Karena setelah lulus aku ingin menjadi petualang aku ingin melihat lihat bagaimana keadaan di guild.
Suasana disekitar sini cukup ramai dan sangat berisik.
Aku bisa melihat banyak petualang yang berjalan dimana mana dengan perlengkapan penuh, aku bisa mendengar mereka semua membicarakan hal yang serupa.
"Ini sangat meresahkan mendengar ada wyvern yang berkeliaran di dekat ibu kota."
"Baru kali ini aku mendengar wyvern meninggalkan sarang mereka dan berkeliaran seperti ini."
"Kudengar wyvern itu sudah memusnahkan petualang tingkat gold."
"Aku juga mendengar kalau sudah ada beberapa desa yang hancur karena diserang oleh wyvern itu."
Sepertinya situasi ini cukup gawat.
"Apa yang dilakukan 7 pangeran iblis itu."
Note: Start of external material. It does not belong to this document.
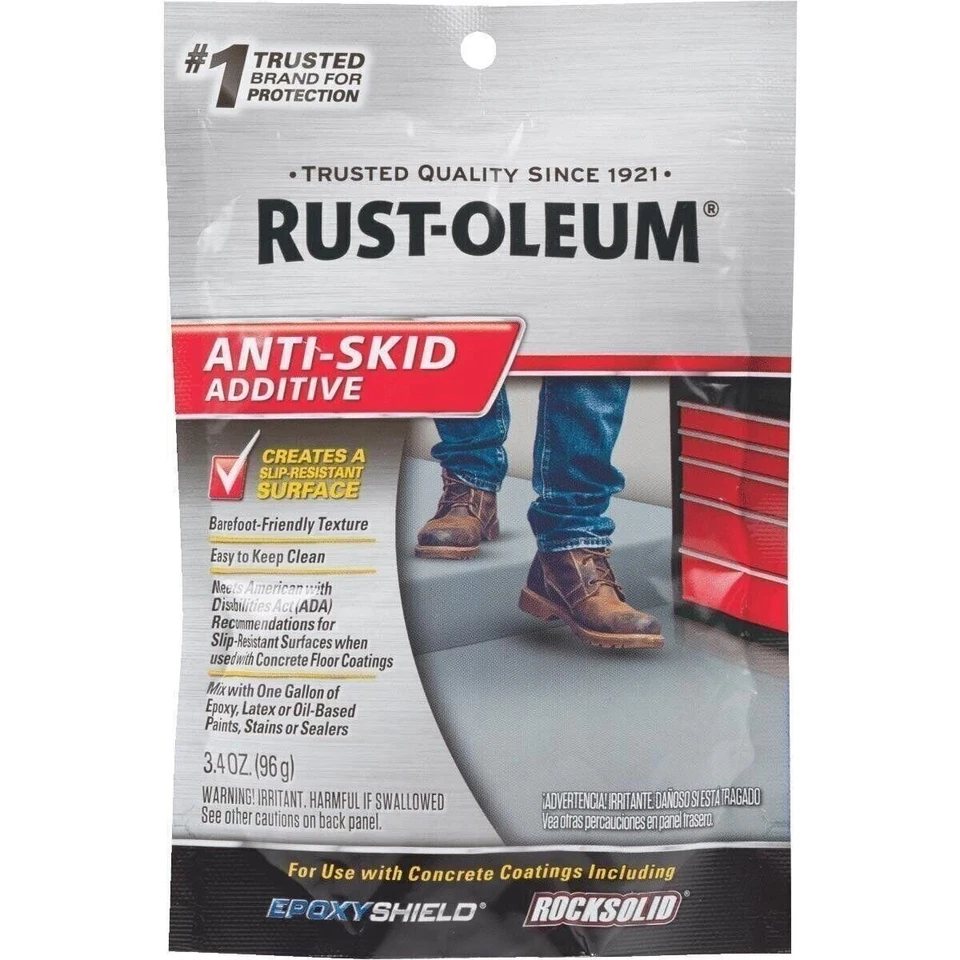 Rust-Oleum 279847 Anti-Skid Additive 3.4 oz Ounce (Pack of 1) Clear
Aku mencoba masuk kedalam guild.
"Tolong bantu aku! aku akan membayar kalian!"
"Tapi bung, itu adalah wyvern kau tau?"
"Kau meminta kami untuk bunuh diri? lakukan saja sendiri!"
"Tapi teman teman ku masih ada di sana! jika aku terlambat mereka bisa mati!"
"Bukannya mereka sudah mati sekarang? jadi lebih baik kau pulang dan serahkan masalah ini kepada petualang mithril."
Saat aku masuk aku melihat ada seseorang yang terus berteriak meminta tolong tapi tidak ada yang berniat membantunya.
Aku terus mengamati dan untuk sesaat orang itu berbalik kearahku jadi aku bisa melihat wajahnya dengan jelas.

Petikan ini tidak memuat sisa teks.